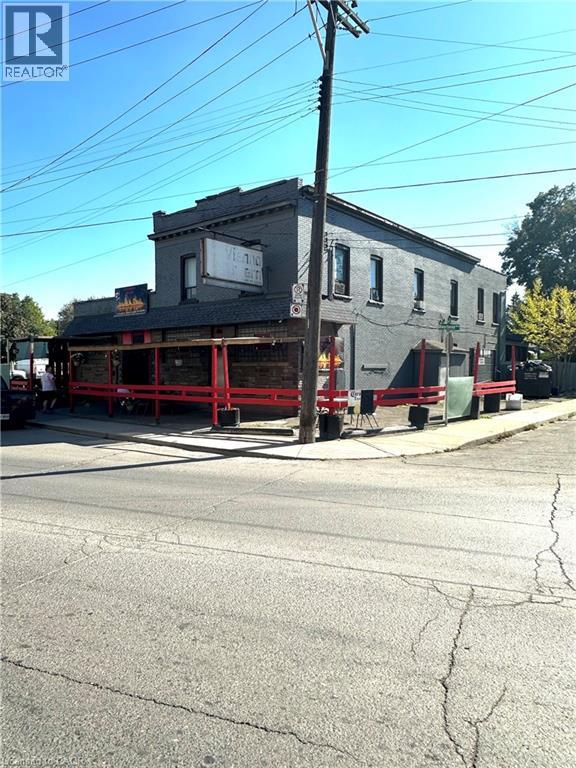152 Grenfell Street, Hamilton, Ontario  L8H 3J2 - Photo 4 - 40777038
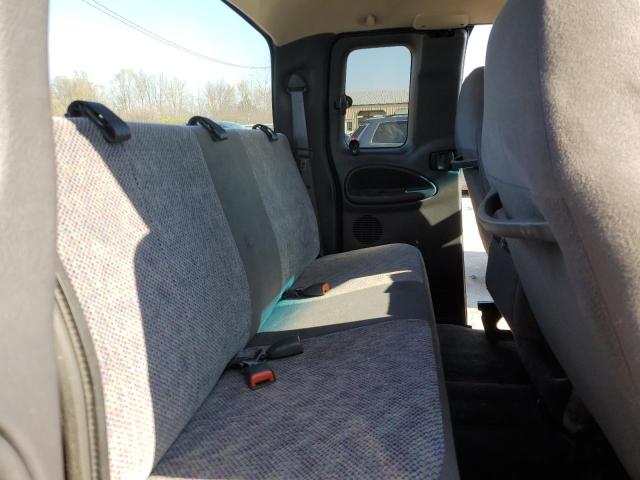 Photo 10 from auction – 2001 DODGE RAM 1500 with VIN 3B7HF13Y51M519861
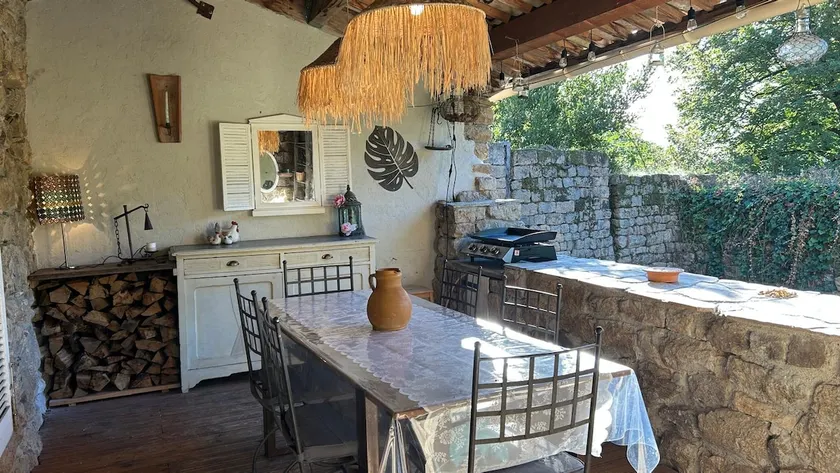 ”La Grange” Gîte - Image 1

Exercise objective ->
In your copy of the material, match every word exactly and include no pictures.

Reply to the task ->
152 Grenfell Street, Hamilton, Ontario  L8H 3J2 - Photo 4 - 40777038
 Photo 10 from auction – 2001 DODGE RAM 1500 with VIN 3B7HF13Y51M519861
 ”La Grange” Gîte - Image 1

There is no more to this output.